Sunday, 11 August 2024

Don't despair!

With Tisha be’Av, our national day of mourning, fast approaching, it can be difficult for committed Jews to focus on the happier and more positive things in life. So here’s a post that is designed to break the unrelieved sadness that many of us are experiencing.

In the first chapter of Avot we learn three things from Nittai Ha’Arbeli:

הַרְחֵק מִשָּׁכֵן רָע, וְאַל תִּתְחַבֵּר לָרָשָׁע, וְאַל תִּתְיָאֵשׁ מִן הַפּוּרְעָנוּת

(i) Distance yourself from a bad neighbour, (ii) do not join up with a wicked person, and (iii) do not give up the expectation of retribution.

The first two teachings are easy to discuss together because they appear to be related: they share a common theme of avoiding bad company. The third, however, is generally taken to stand alone.

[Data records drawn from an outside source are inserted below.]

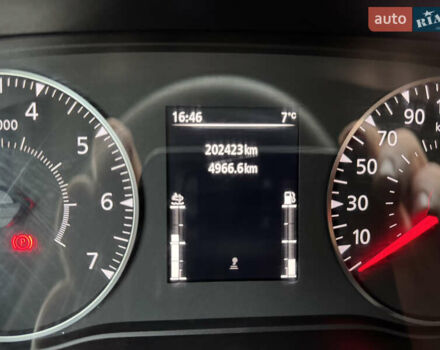 Білий Опель Movano, об'ємом двигуна 2.3 л та пробігом 202 тис. км за 19500 $, фото 38 на Automoto.ua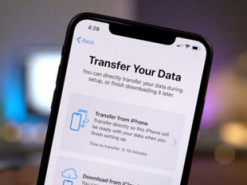 Apple, Google и Facebook создают универсальный инструмент передачи данных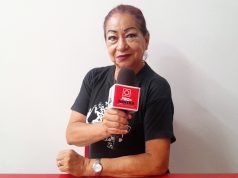 MISS NENA ALVÁN APUESTA POR LA DANZA COMO FORMACIÓN INTEGRAL
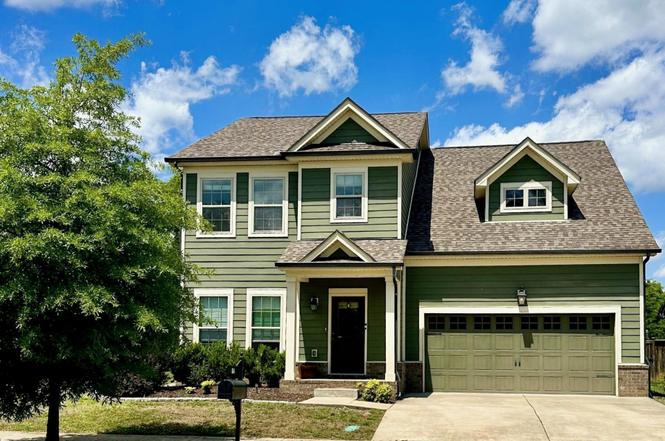84 Nokes Dr, Hendersonville, TN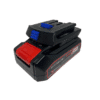 Adapter akumulatora Einhell Power X-Change 18V do Bosch Professional 18V (GBA, ProCORE)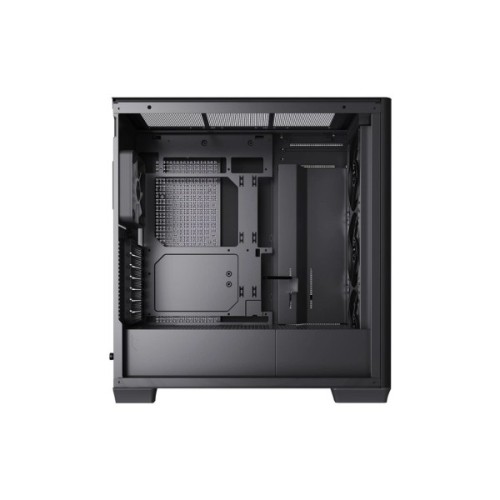 Корпус для ПК APNX Creator C1-R Black (APCM-CR01243.11)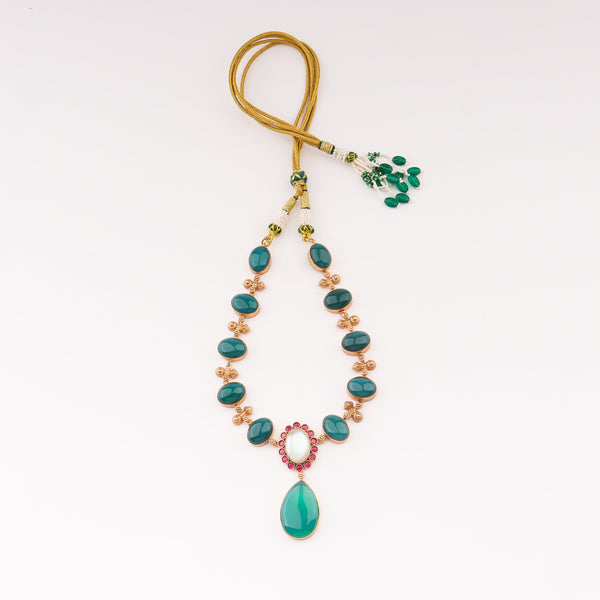 22K Gold Plated Fashion Sets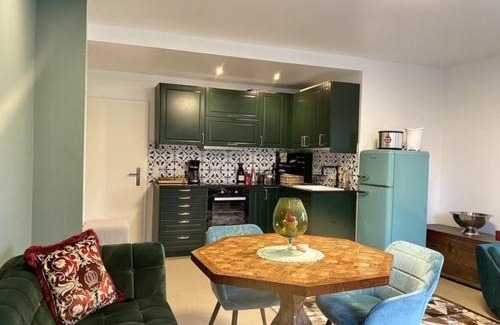 Bosen Apartamento | MAXI fine living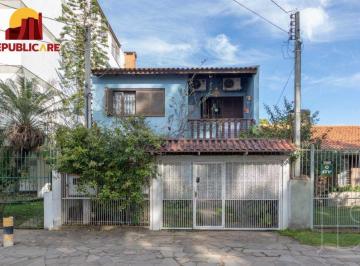 Casa · 241m² · 4 Quartos · 1 Vaga · Sobrado para Venda - 241m², 4 dormitórios, sendo 1 suites, 1 vaga - Camaquã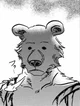 Riz - Beastars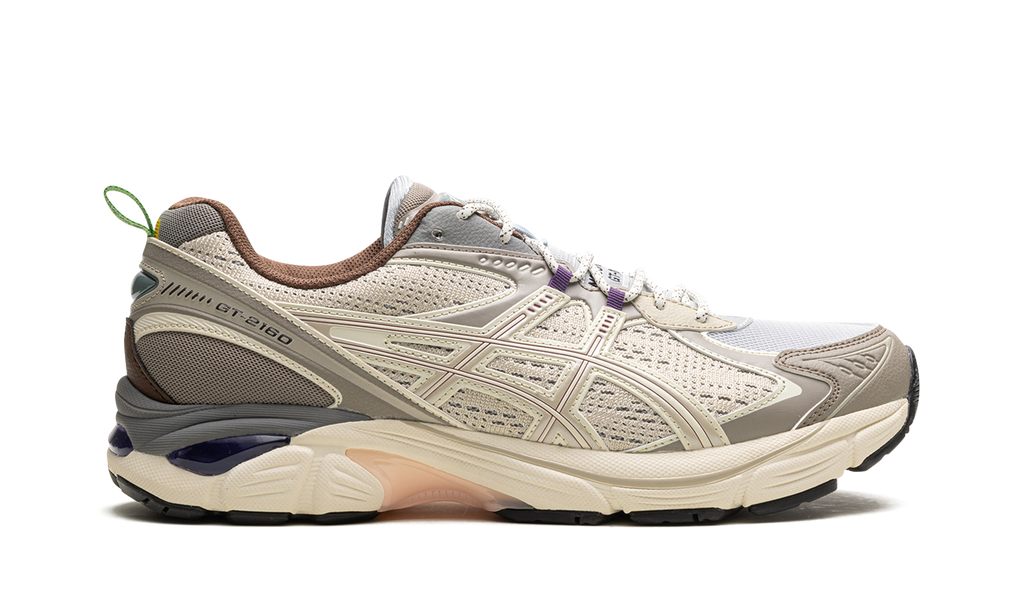 Asics GT-2160 Wood Wood 1203A426 100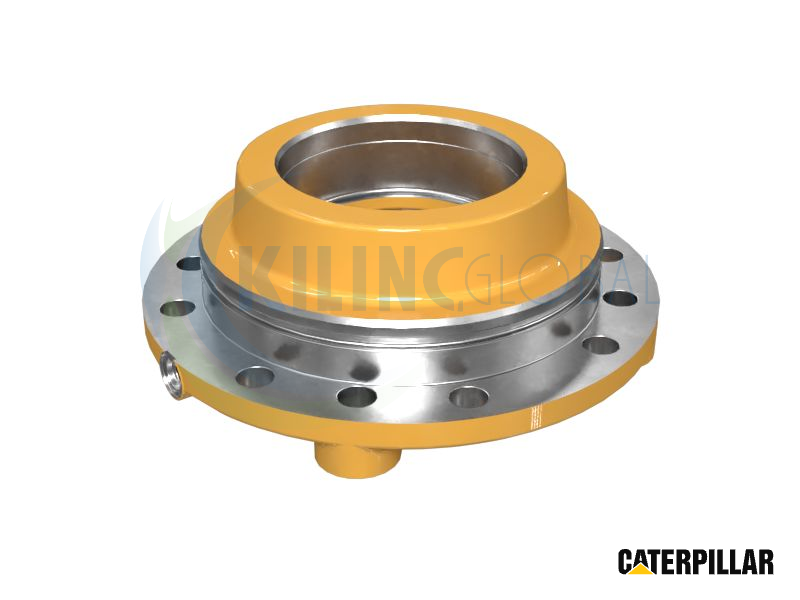 268.6mm Outer Diameter Pump Drive Cage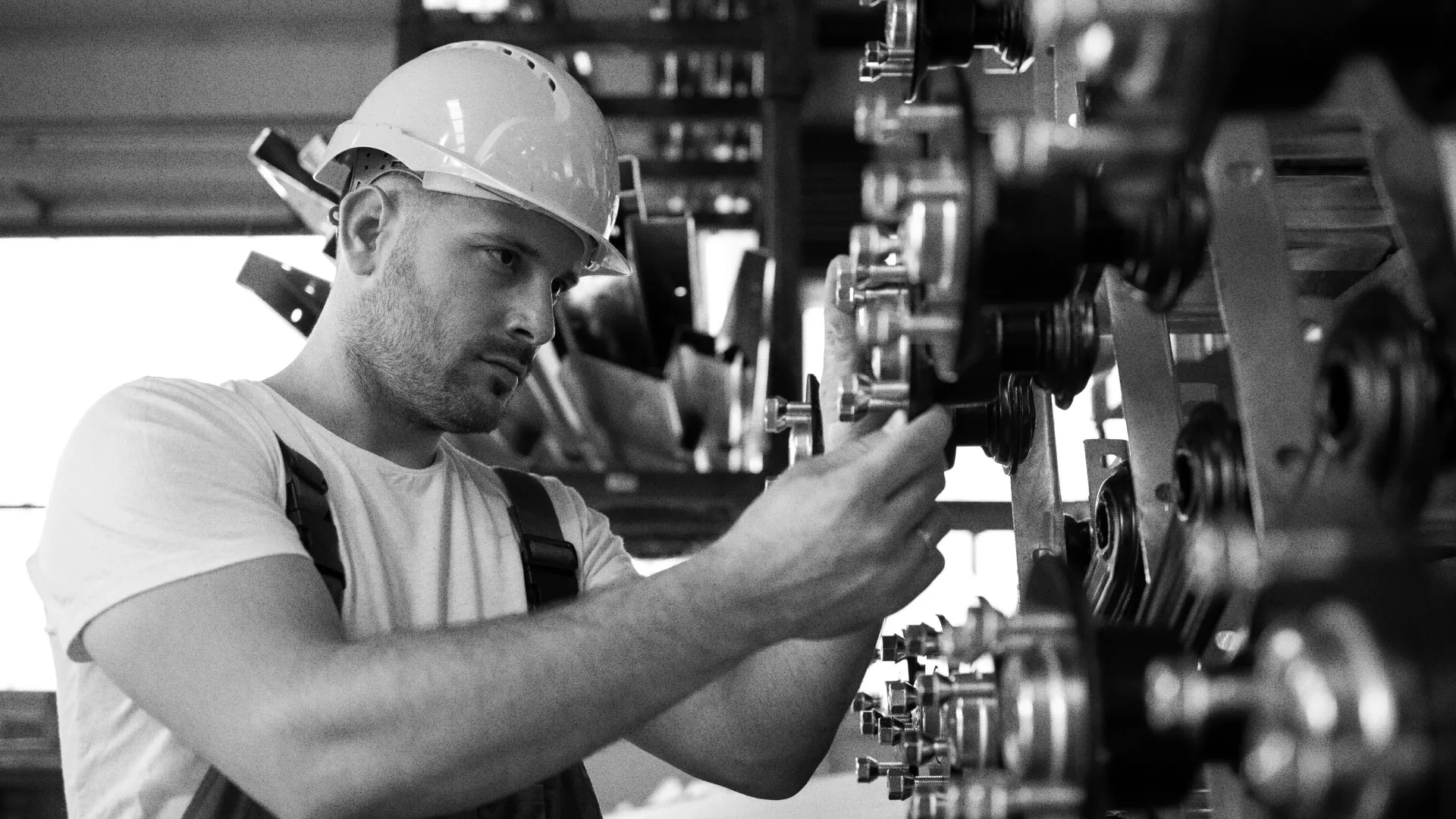 Разработка сайта для завода по продаже оборудования в Данкове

The need to discuss the third teaching on its own is not just a consequence of it appearing to address different subject matter. After all, it is possible to tie it in with its predecessors. It demands separate treatment because of its ambiguity. Who is being told not to abandon the belief in retribution—the bad person or his victim? And are we automatically talking here of retribution? The same word פּוּרְעָנוּת (puranut) can also mean ‘repayment’ or ‘reward’.

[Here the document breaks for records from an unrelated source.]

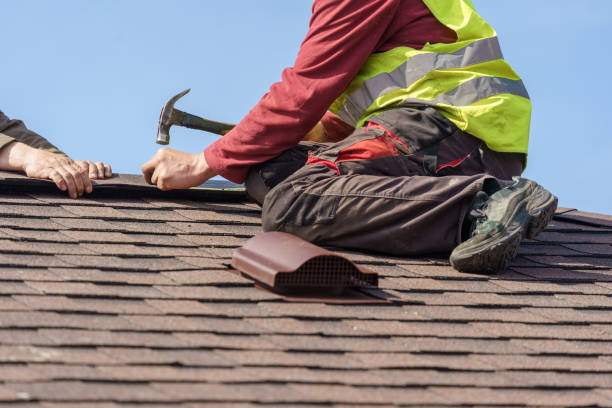 Best Tile Roofing Contractor  in Hallsville, TX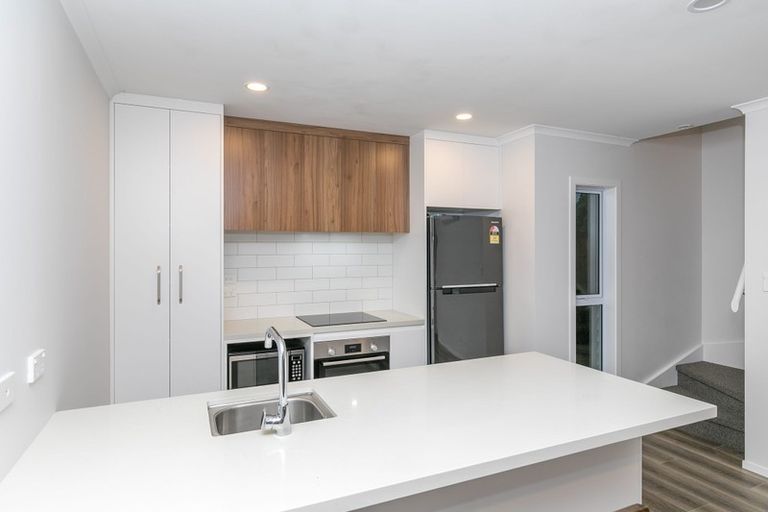 Photo of property in 10u6 Palmerston Street, Hamilton Central, Hamilton, 3204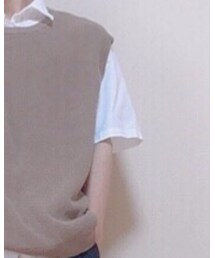 GU | シャツ/ブラウス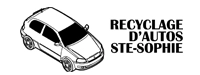 Recyclage D Autos Ste-Sophie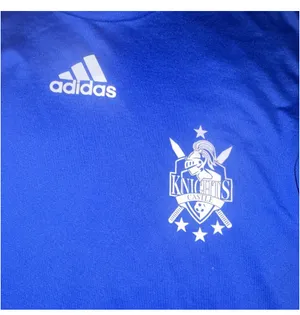 adidas Men's Creator Tee Size L thumbnail 2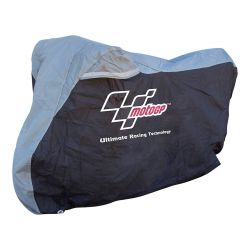 Housse Moto-GP intérieur
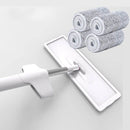 Magische Spray Mop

This being so, here’s a more upbeat message on Nittai’s teaching. The source is Rabbi Norman Lamm’s Foundations of Faith, a 2021 publication on the late Yeshiva University President’s thoughts on Avot, edited by his son-in-law Rabbi Mark Dratch. He writes that not despairing of punishment can be interpreted in two different ways:

“One is, that when things are going well, when good fortune smiles upon you and you bask in affluence and good health, do not imagine that it will always remain thus. Do not distract yourself from the underlying misery and sadness and insecurity of life Do not ‘give up’ on the possibility that adversity may strike, cruelly and suddenly. But there is another way to interpret the same Mishnah: never despair because of adversity! When misfortune strikes, when life seems to crowd you in, when you are caught in narrow straits, when the sun has set and life seems to have darkened—nevertheless, do not give up, do not yield to despair, do not imagine that help will never come!”

[After citing, the Tzava’at HaRivash on Tehillim 16:8 R’ Lamm continues]

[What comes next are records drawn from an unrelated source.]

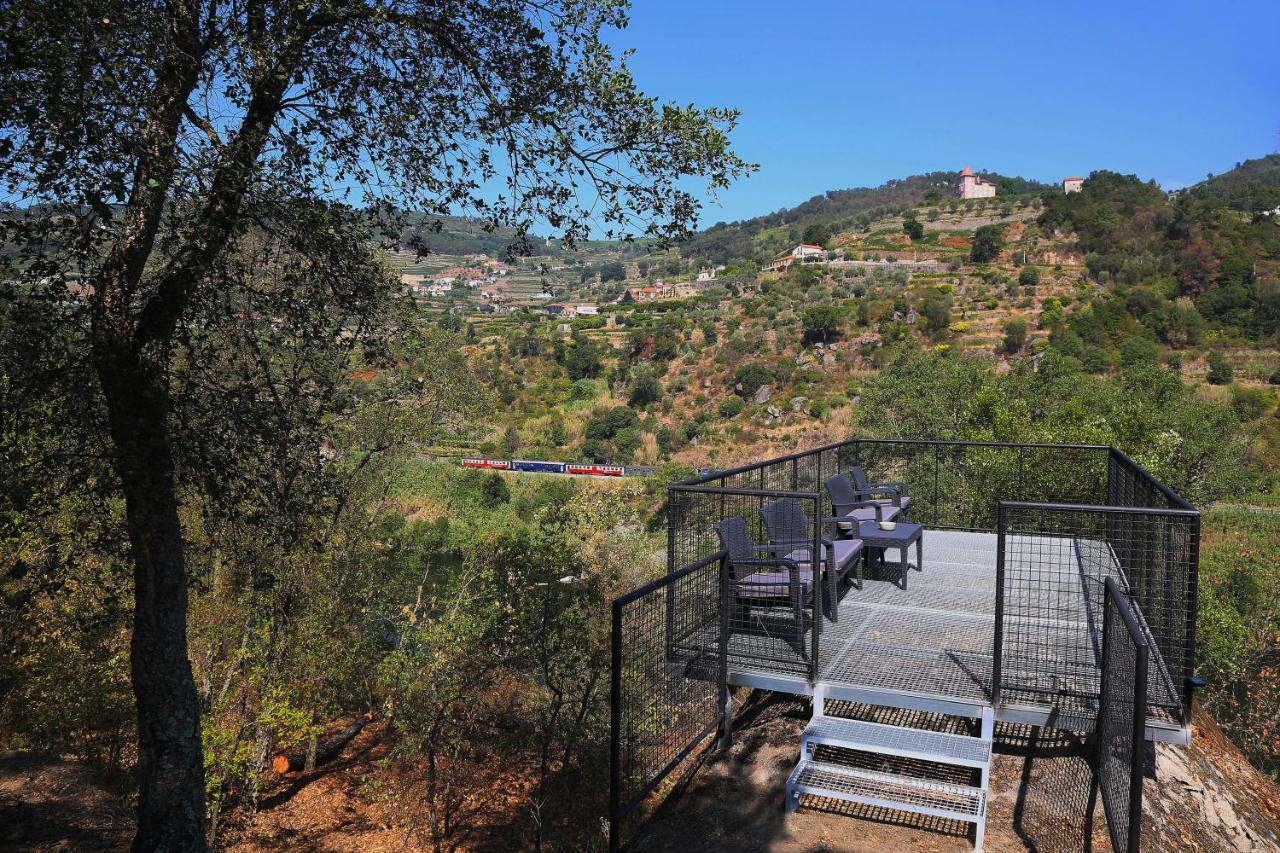 Quinta de São Pedro Casa de hóspedes Barro  Exterior foto
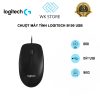 Chuột Máy Tính Logitech B100 USB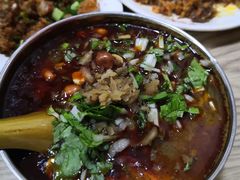 -代四孃牛华豆腐脑美味小食(总店)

That is why we break a glass at a wedding, the time of supreme joy, in memory of the destruction of the Temple. And that is why on Tisha B’Av, the day of national calamity, we do not say the tachanun prayer, because this very day is called mo’ed, a holiday! We introduce a note of sadness during the wedding, and a note of joy during Tisha B’Av. Yet—we do weep on Tisha B’Av and we do dance at weddings! …To be sad does not mean to interpret all of existence as an unmitigated evil, and to be happy does not mean to ignore the tragic dimension of life…”

R' Lamm is not saying “cheer up, things could always be worse”. What he is saying is that the world is not comprised entirely of those things that seem to be worse and that we should acknowledge that this is so. Ideally, our Sages teach, we should be thankful for the bad as well as for the good since we have no means of discerning the objective value of anything that happens in the world God has created. For most people this is hard, if not impossible to do, but we can still do something. We can remember that good exists, whether we experience it or not, and we can be grateful for what we do have.